どんどん近所の人たちが店に入ってきて地元の人気店なのが分かった。店のテレビではサッカーのW杯が中継されていた。

思い返せば、私たちが昔いた20年前は2006年のドイツでW杯が開催された時だった。W杯のチケットは当たらず取れなかったが、事前に行われたコンフェデレーションカップの日本とギリシャの試合を観戦に行ったことを思い出した。

翌朝は当時私が仕事をしていた会社を訪ねた。行き方も当時と同じ道で、アウトバーンを通って行った。途中、この景色は当時のままだ、良く覚えている、という場所がいくつかあり、この道を運転しながら仕事のことで悩んでいた当時の記憶が蘇って来た。
行ってみたら周りにはオフィスビルが増えていて景色がずいぶん変わっていた。だが、当時の私の会社のオフィスビルは全く変わっていなかった。日曜なので会社の人はいないし、中に入れるわけでもないので外からオフィスのビルを眺めるだけだ。工事をしているようだったが、ビル前の駐車場も当時のままで、昔私が車を停めていた場所にこの日も車を停めた。


当時はオフィスの周囲はまだ草原が残っていて、こんな感じで羊がいて、オフィスを見せに連れて来た子供たちも大喜びだった。部屋からも美しい自然が広がる景色が見えて、日本のオフィスとは大違いで、ここでずっと仕事が出来たら良いのにな、と思っていた。



来る前にwebsiteを見たりして調べてきたのだが、幸いこの会社は現在も昔と同じ業態でしっかりと存続しているようだ。入口のガラスドア越しに内部を眺めてみたが、中のレイアウトも大きく変わっていないように見えた。
昔のままのオフィスビルで、今もきちんと存続している姿を、この場所に立って、この目で見ることが出来て良かった。この会社や従業員の人たちには悪いことをしてしまったなと思うところが色々あり、ずっと整理しきれない気持ちを引きずってきたが、再訪して健在な姿をこの目で見ることが出来て、気持ちをかなり整理することが出来た。
懐かしみながらオフィスの周囲で写真を撮っていたら急に涼しい風が吹いて来てトイレに行きたくなった。車のナビで近くのガソリンスタンドを探してたどり着いたら、なんと昔よく使っていたARALのガソリンスタンドだった。ここも変わっていなかった。
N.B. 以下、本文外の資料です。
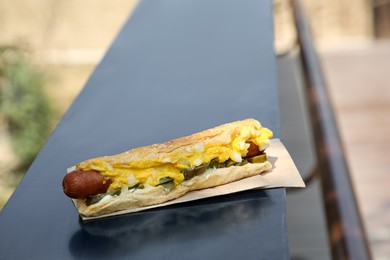 Photo of Fresh tasty hot dog with sauce on dark parapet outdoors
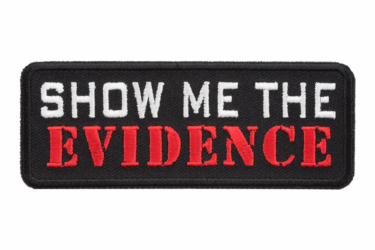 A rectangular black patch with white text reading "SHOW ME THE" and bold red text below reading "EVIDENCE.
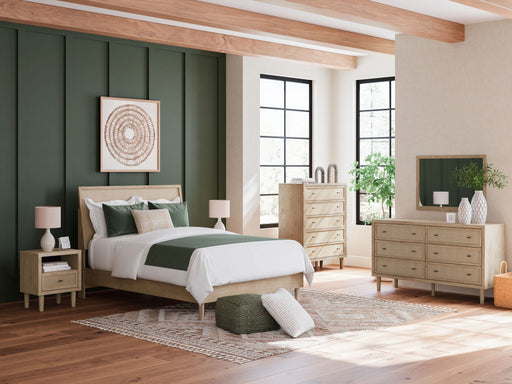 Signature Design by Ashley Cielden 8-piece panel bedroom set with bed frame, dresser, mirror, and nightstands in a modern bedroom setup.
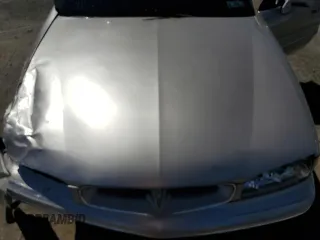 1998 Pontiac Bonneville SE z VIN 1G2HX52K0W4238012, wystawiony jako Copart lot #70997824 z przebiegiem 146 825 mil mil oraz Szkody całkowita. Historia ofert i sprzedaży dostępna na DreamBid. Obrazek 11.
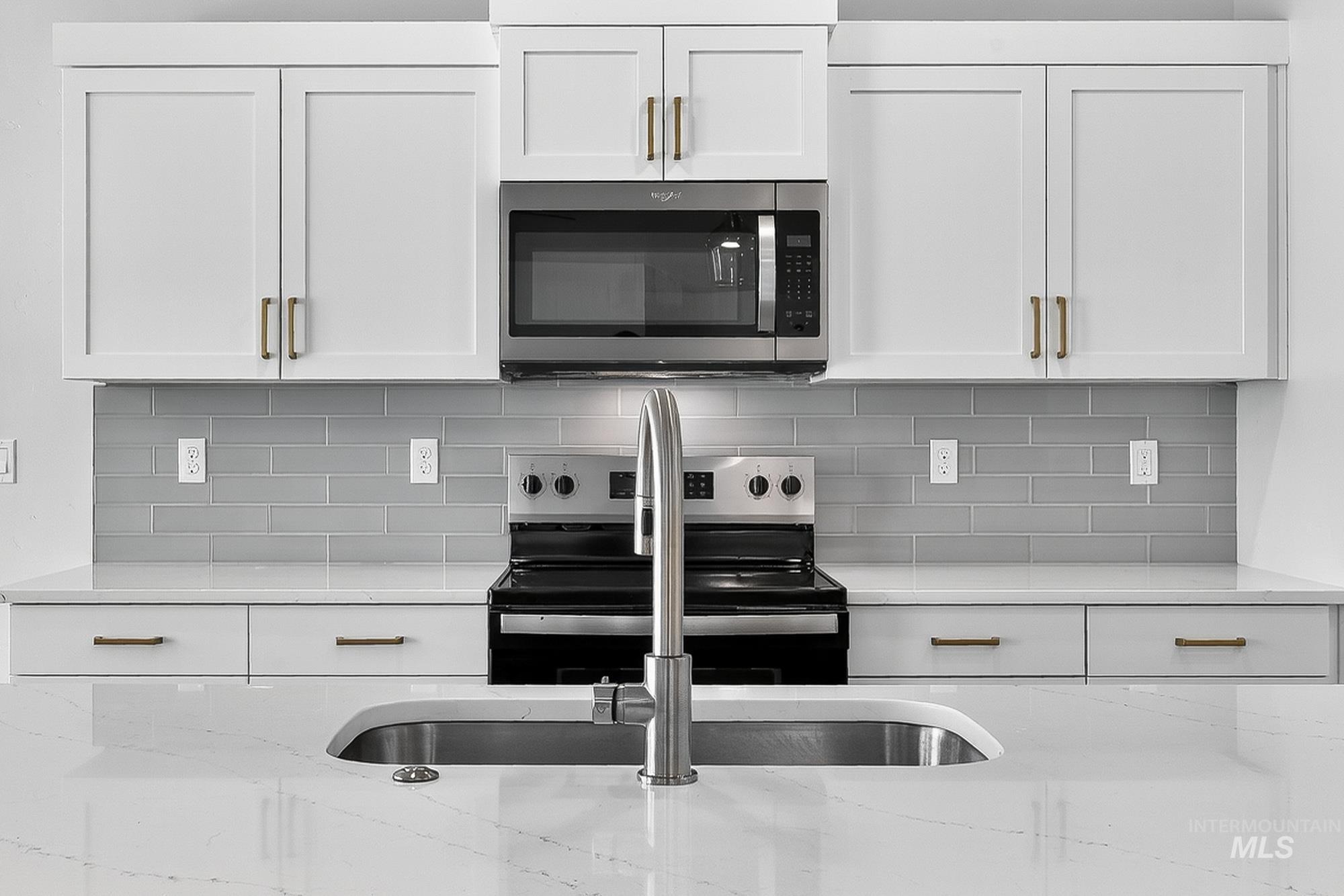 1158 Velvet Loop Wilder, ID 83676 - Photo 12 of 34 Kitchen with appliances with stainless steel finishes, white cabinetry, light stone countertops, and backsplash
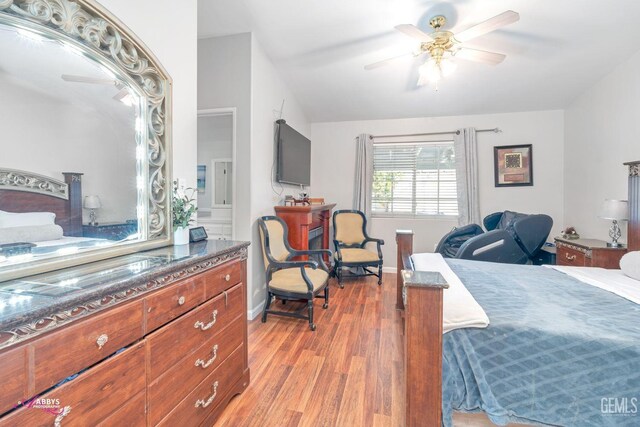 bedroom with lofted ceiling, ceiling fan, and light wood-type flooring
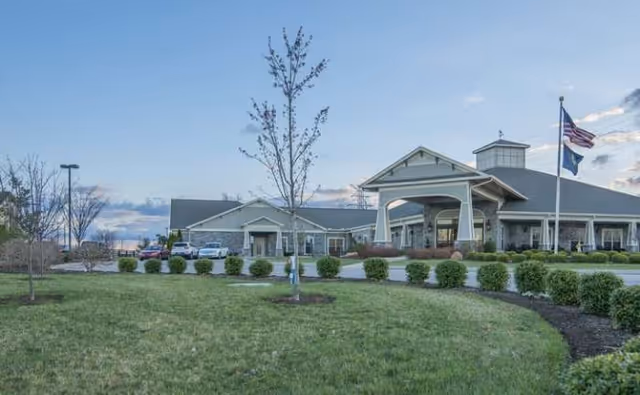 Exterior view of Morning Pointe of Lexington with entrance, manicured lawn, and American flag.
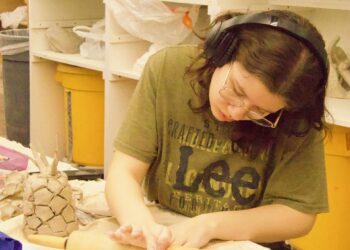 Aberdeen Central student April Flint works on her pineapple during the region ArtWars contest at Northern State University on Friday, Feb. 27. Aberdeen Insider photo by Elisa Sand.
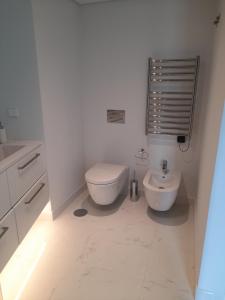ein weißes Bad mit einem WC und einem Waschbecken in der Unterkunft Lisbon, Wifi, AC in Lissabon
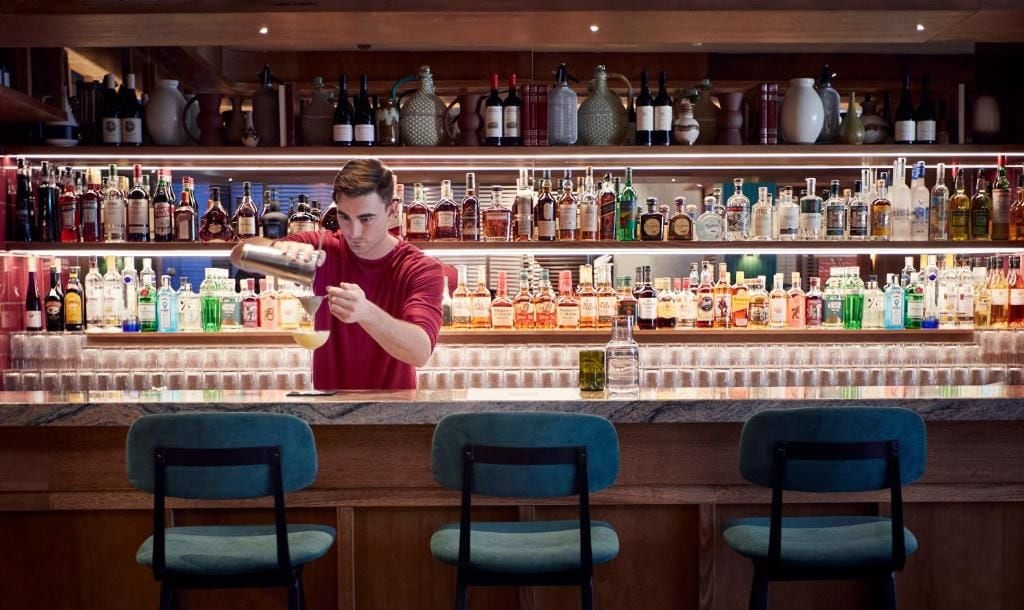 A bar with shelves of liquor bottles and a bartender preparing a drink.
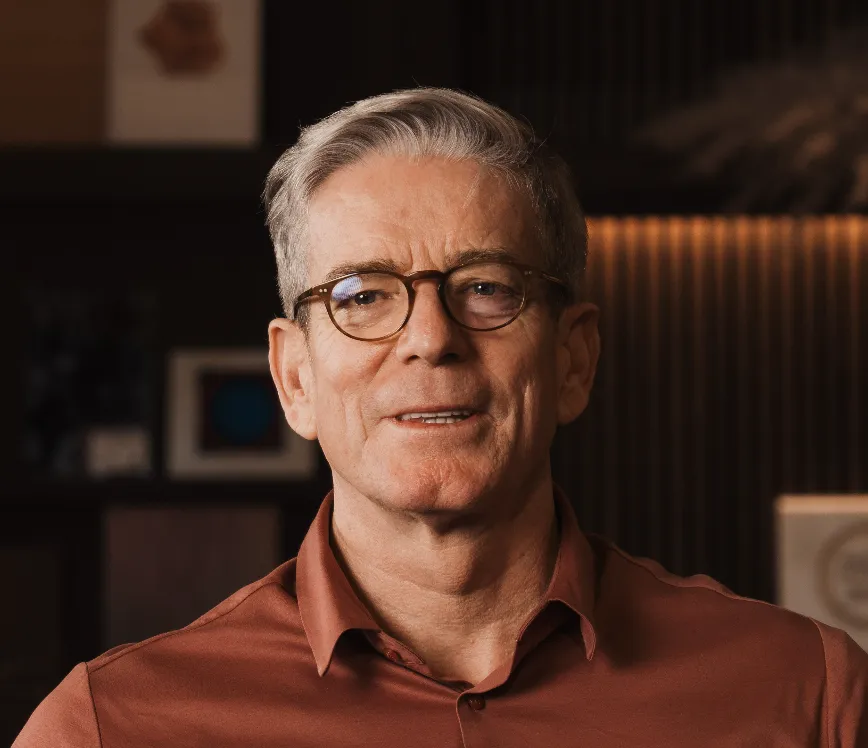 Middle-aged man with gray hair and glasses wearing a rust-colored shirt standing indoors with a blurred background.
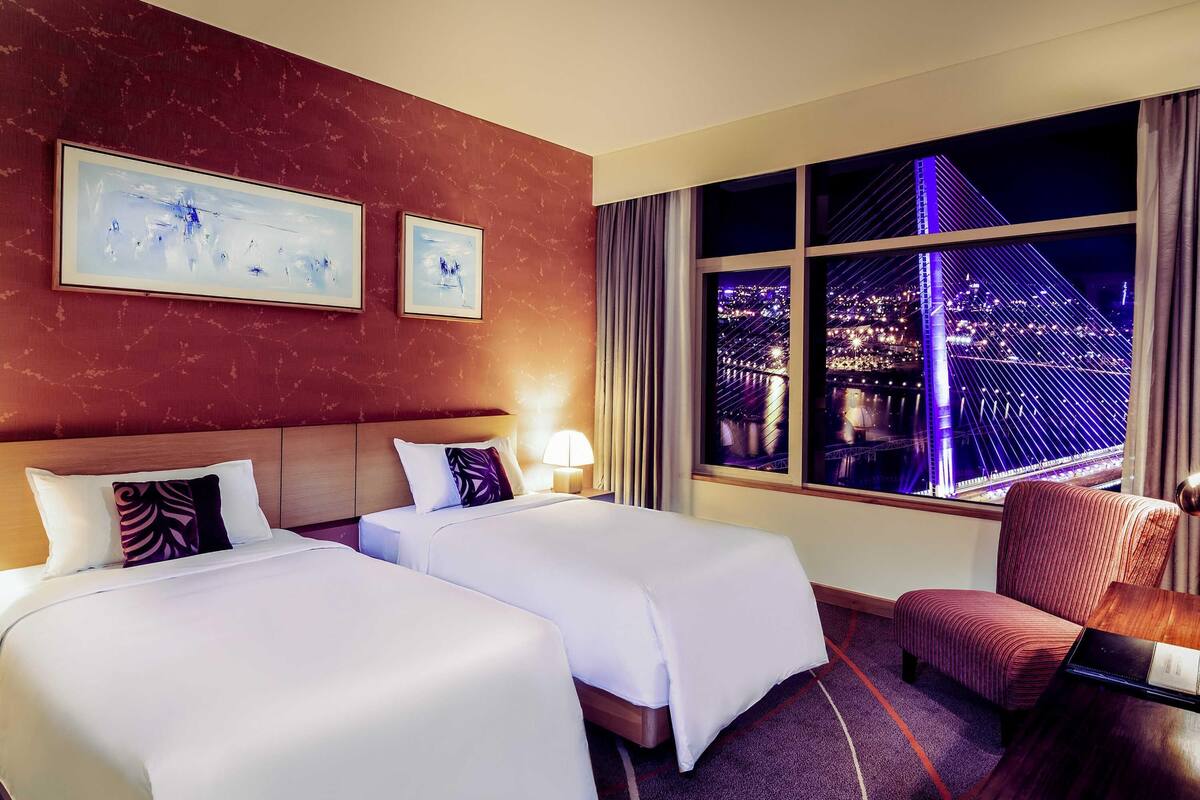 A hotel room with two beds, a chair, a desk, a lamp, and a large window with a city view.
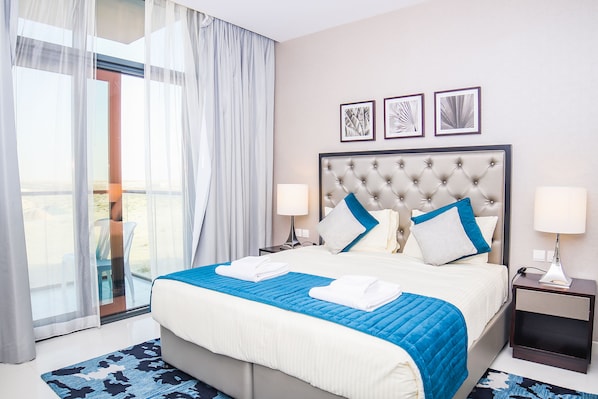 A hotel room with a large bed, two bedside tables, a window with curtains, and three framed pictures on the wall.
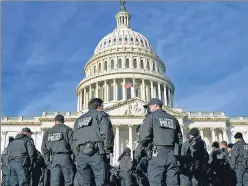  ?? ?? A large group of police arrive at the Capitol, on Thursday, in Washington D.C.
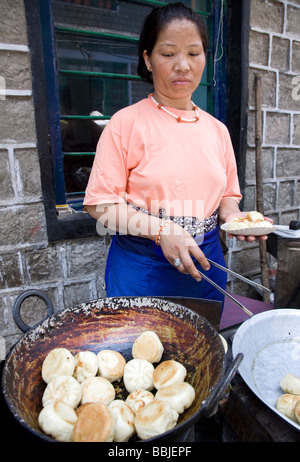 Donna tibetana momos di frittura. McLeod Ganj. Dharamsala. Himachal Pradesh. India Foto Stock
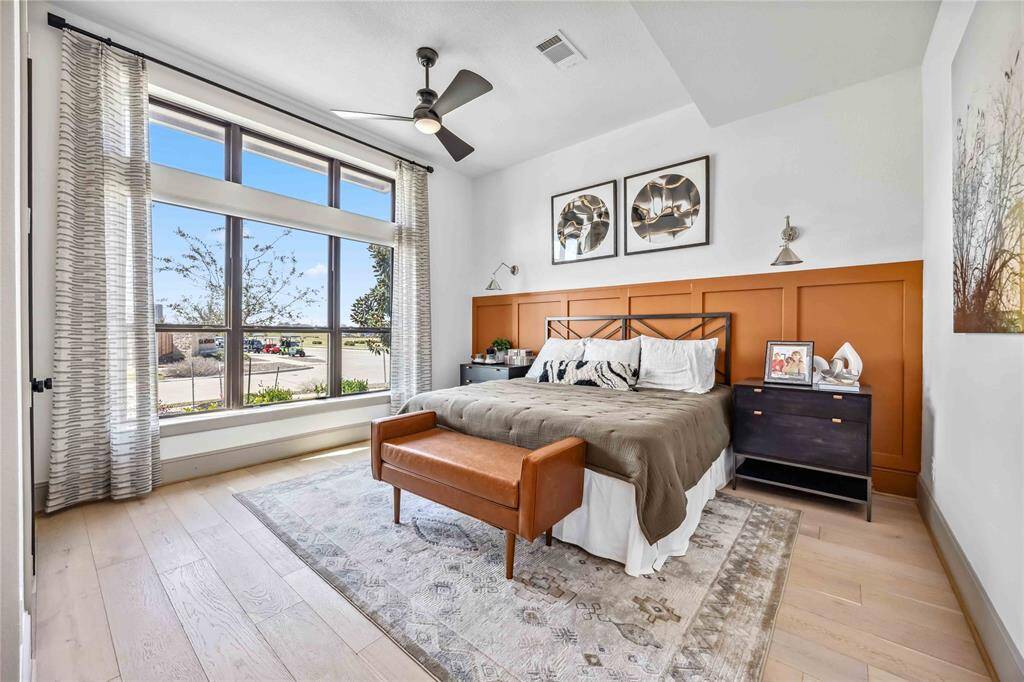 A spacious secondary bedroom on the main floor is filled with natural light from large front-facing windows and features a striking accent wall for added personality.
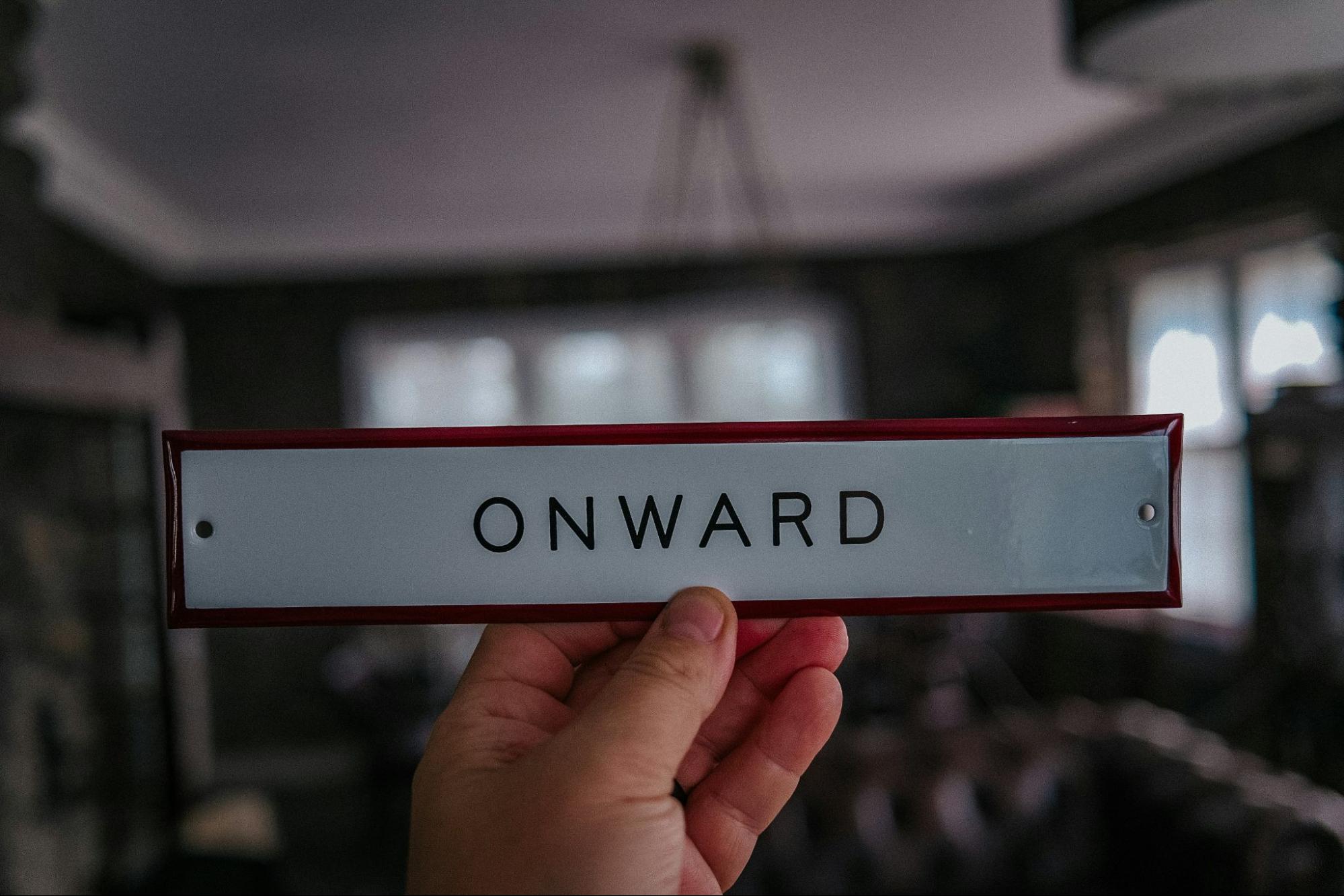 Hand holding what looks like a door name plate that says ONWARD.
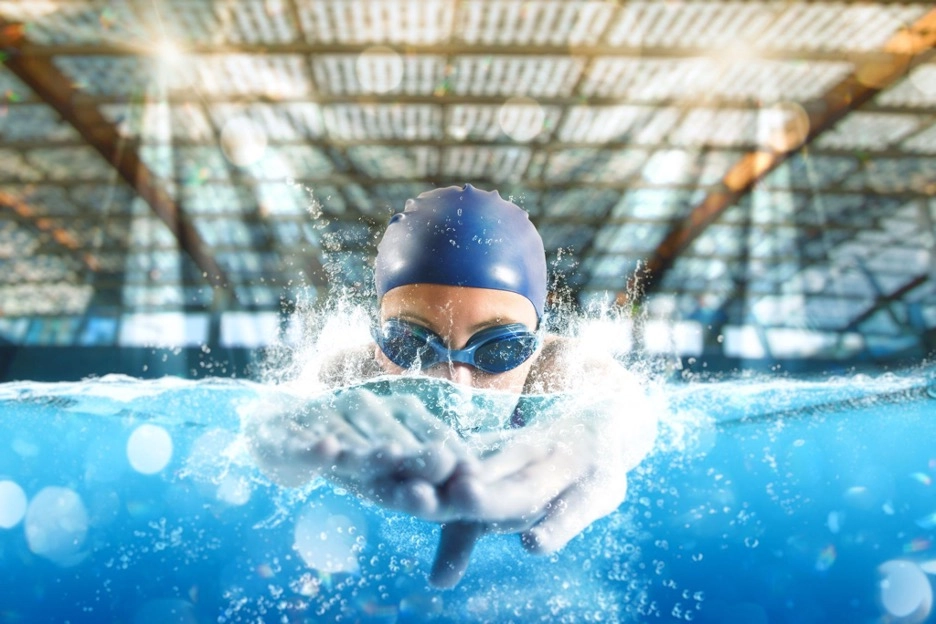Swimmer doing butterfly stroke in the indoor pool.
このガソリンスタンドに、おい、俺のことを忘れてるんじゃないか、ちゃんと顔を出せよ、と呼ばれたようでなんだか不思議な気持ちだった。

これでドイツのシュトゥットガルトに来てまずやりたかった人生の棚卸しはほとんど出来た。
来れて良かった。
後日談がある。
私たちが帰国して1ヶ月後にお隣さんの息子が日本に遊びに来て、ウチに泊まっていった。
最初の夫との間の子供で、ウチの子供たちと同じような年齢で、当時、良く一緒に遊んでいたので、ウチの子供たちも呼んで再会を果たすことが出来た。
彼の彼女がなんと大の日本のアニメ好きとのことで、今度は彼女を連れて日本に来るであろう。
20数年前のドイツでのご縁が続いて、今やまた広がろうとしている。
本当にありがたい話だ。
私たちも、第二の故郷であるシュトゥットガルトを訪問するのを今回が最後には出来ない。
次は70歳になった時にまた訪問しようと思っている。